▶ Exercise aim:
Start at the line with "Kuzugöbeği böyle oynattı" in the records below, stop at the line with "بادام زمینی روکش", and return every line in that span exactly, the two end lines included.

▶ Dataset excerpts:
== == ==

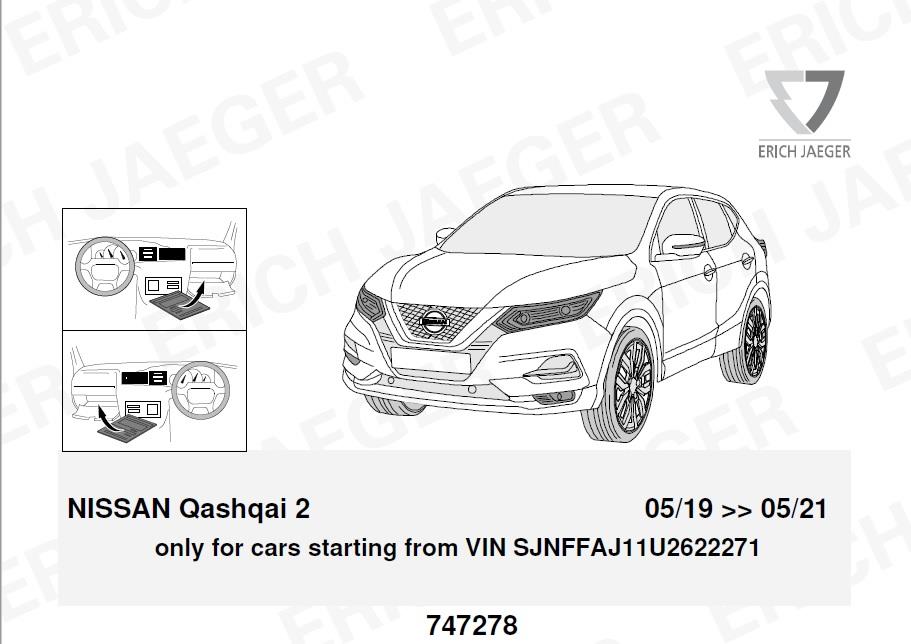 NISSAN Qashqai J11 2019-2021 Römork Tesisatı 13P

== == ==

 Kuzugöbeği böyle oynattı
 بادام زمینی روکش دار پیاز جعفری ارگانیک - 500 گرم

== == ==

▶ Written reply:
 Kuzugöbeği böyle oynattı
 بادام زمینی روکش دار پیاز جعفری ارگانیک - 500 گرم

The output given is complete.